Московскую организацию писателей Н. С. Хрущев корил за то, что некоторые писатели отнеслись серьезно к тому, что он год назад рассказывал о Сталине. Н. С. Хрущев упоминал о Венгрии, хотя слишком очевидным было различие между страной, которой еще недавно управляли фашисты, и социалистическим государством, родившимся сорок лет назад, где трудно было сыскать человека, жаждущего восстановления капитализма. Хоти была отстранена «антипартийная группа», слишком связанная со сталинской эпохой, Н. С. Хрущев пытался реабилитировать Сталина.

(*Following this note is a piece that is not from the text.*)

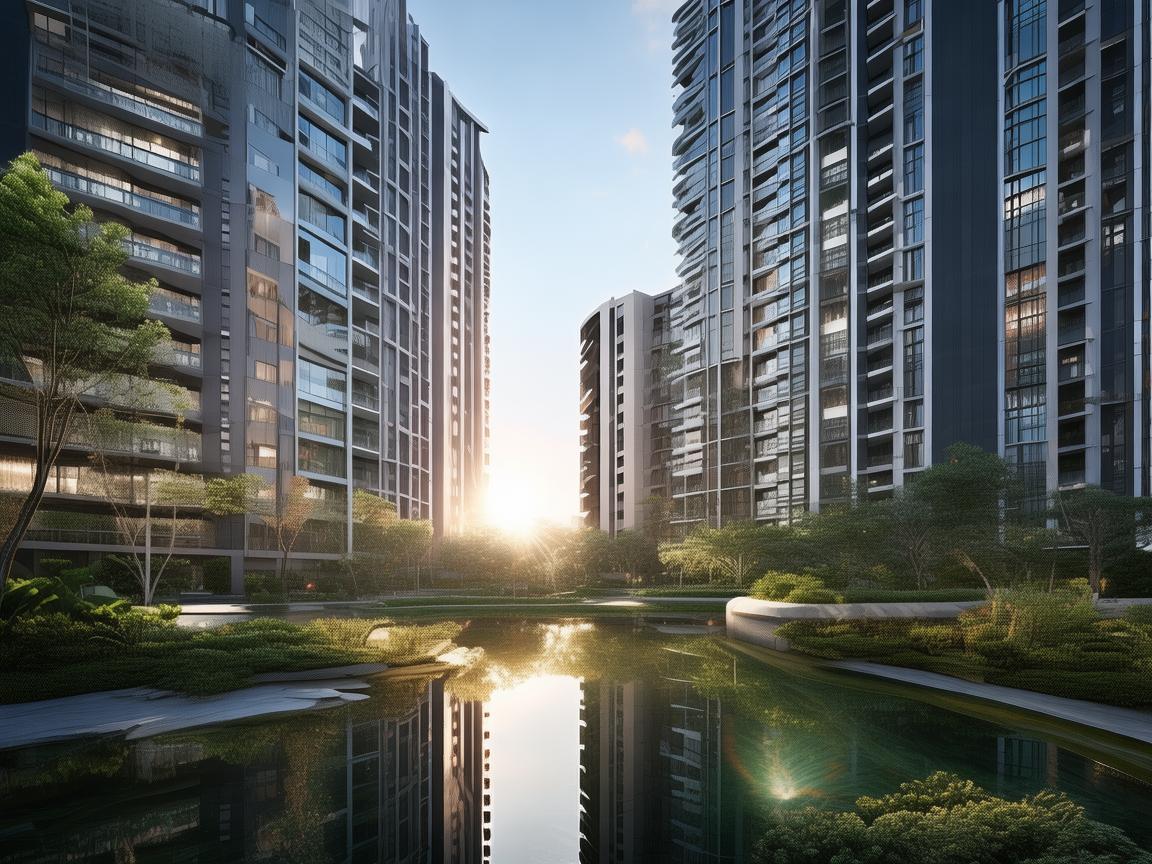深圳湾公馆是什么物业？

Наступали заморозки. Люди старались не вспоминать о XX съезде и, конечно, не могли предвидеть ХХII. Молодежь пытались припугнуть, и студенты перестали говорить на собраниях о том, что думали,- говорили между собой. Страх, заставлявший людей молчать при Сталине, исчез. Он заменился обычными опасениями, существующими в любом обществе: если много кричать, пошлют на работу подальше от Москвы. Вместо объяснений предшествующего периода молодое поколение получило шотландский душ: Сталина то низвергали в бездну, то прославляли, тем самым мораль подменили карьеризмом,
К сорокалетию Октябри была созвана юбилейная сессия Верховного Совета. Собралась она на Центральном стадионе; впереди сидели депутаты, а за ними свыше десяти тысяч приглашенных. Хрущев читал длинное выступление, делал это он редко, обычно, прочитав страничку, засовывал текст в карман и переходил к живой речи. На этот раз он читал, часто ошибаясь, и лицо у него было сердитое. За ним сидел громоздкий Мао Цзэдун с непроницаемым лицом. Хрущев повторил восхваление Сталина: «Как преданный ленинист-марксист и стойкий революционер, Сталин займет должное место в истории. Наша партия и советский народ будут помнить Сталина и воздавать ему должное». Раздались аплодисменты.